How can then national and city governments solve this conundrum? The option of increasing taxes is unpalatable. Authorities have the option of transferring this responsibility to domestic producer companies (i.e., through EPR obligations) – or, potentially, issue and sell circular credits.

How does this fit into the CCM mechanism? Should local governments, or subcontracted waste collection companies, be allowed to sell credits to third parties based on municipal waste collection services?

Many important issues arise:

  • Since government agencies report the amount of waste recovered in their official statistics, what happens when a company buying credits also makes a claim for these activities?
  • Would the claim made by the buying company result in double counting of the same amount of waste collected and already reported by the municipality?
  • Do these claims have a different nature and can, after all, “co-exist” (the government agency reporting its operational activities publicly; the buyer company claiming to have mitigated part of their waste footprint)?

In many cases, municipal waste collection services are actually performed by separate companies – (publicly-owned or private-sector), acting as concessionaires, or sub-contractors. Can then these waste management companies sell credits for the activities performed, if they are also paid for the provision of these services?

CREDIT OWNERSHIP AND TRANSFER OF CLAIMS

At the heart of the issue is establishing what party creates the credit in the first place – and how the rights to the credit (and associated environmental claims) are transferred.

The starting point for the Hub is that the “original owner” of the credits is the organisation that actually performs the waste recovery services in the first place.

In the case of informal groups collecting recyclable materials for sale of their physical value, as the activities they perform also reduce waste and result in positive environmental impact, the corresponding credits should be issued for these groups. This would result in better measurement of amounts of waste recovered. All subsequent transfers of the credits (and the right to claim the corresponding environmental impact) would depend on contractual agreements. For instance, the organisation may sell the credits a third party. The transfer of the credits may also be included in a services agreement, whereby the organisation performing the recovery activities is paid for its services and the contracting entity expressly retains the rights to issue the credits as part of contractual arrangements.

In the case of municipal waste collection companies, the activities they perform reduce waste and have a positive environmental impact. Both the government agency and the municipal waste collection company (or a private concessionary company, as the case may be) are entitled to report the amount of waste removed. This “double-reporting” doesn`t necessarily lead to a double-counting if the reporting of this same amount of waste collected is for a different use.

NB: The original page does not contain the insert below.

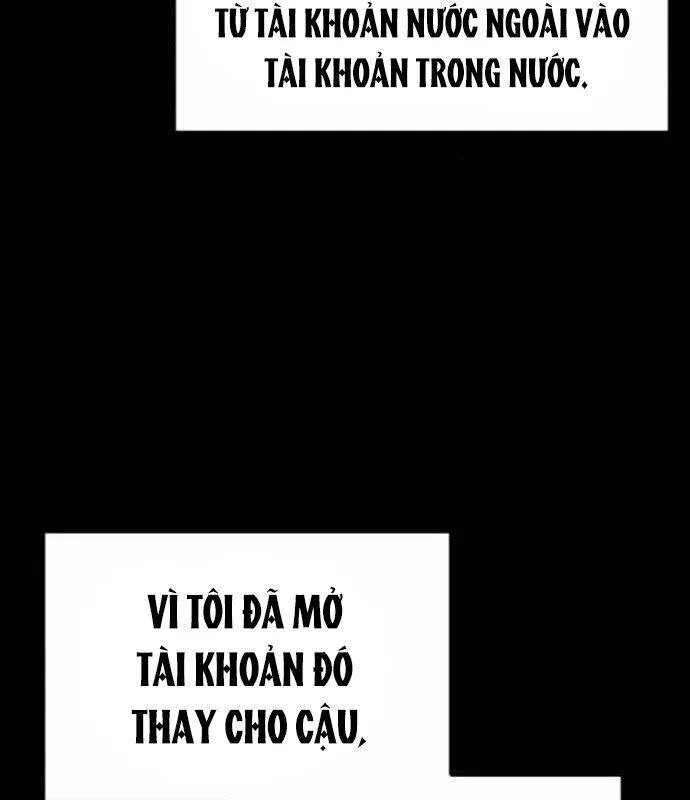 Trang 128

Any assessment of the collected amounts should take into account this “double-reporting” and make the necessary adjustments when consolidating data.

Another important issue is whether sub-contractors/concessionaires should be allowed to issue (and monetise) Circular Credits based on the public service provided by them. Assuming that the Circular Credits Mechanism (CCM) allows these entities to issue credits, we should determine whether these should belong, by default, to the entity paying for the services (the government) or to the entity actually performing the services. Which solution would be more aligned with the objectives of the CCM?

The option to issue credits for the entity that paid for the services would lead to a concentration of credits in one single player (the local government`s agency or, ultimately the government itself), reducing the impact of the CCM and how it seeks to promote a plethora of new initiatives in this space. Therefore, the credits should be given to the entity that actually performed the services, even if by direct or indirect delegation from the government, unless the delegating entity expressly retained the rights to the credits in the delegation agreement. In this sense, each time one entity delegates the services downstream, the right to the credits is considered to be transferred as well (from the government agency to the concessionaire; and, in turn, from the concessionaire to one or more waste collection SMEs or co-operatives), unless the delegating entity expressly retains such rights.

In all cases, when the owner of the credits (either a government agency, the concessionary company or the sub-contracted SMEs or co-operatives) sells the credits to a third party, the right to claim this positive environmental impact is transferred to the buying party, who can use it to mitigate their own waste pollution footprint.

Finally, given the complexity of allocation of credits among the various parties, and the need to differentiate between business as usual and incremental waste management conducted by local governments, this type of projects should be carefully evaluated to ascertain whether circular credits result in additional waste management activity and whether the financial impact of the sale of credits result in positive social impacts.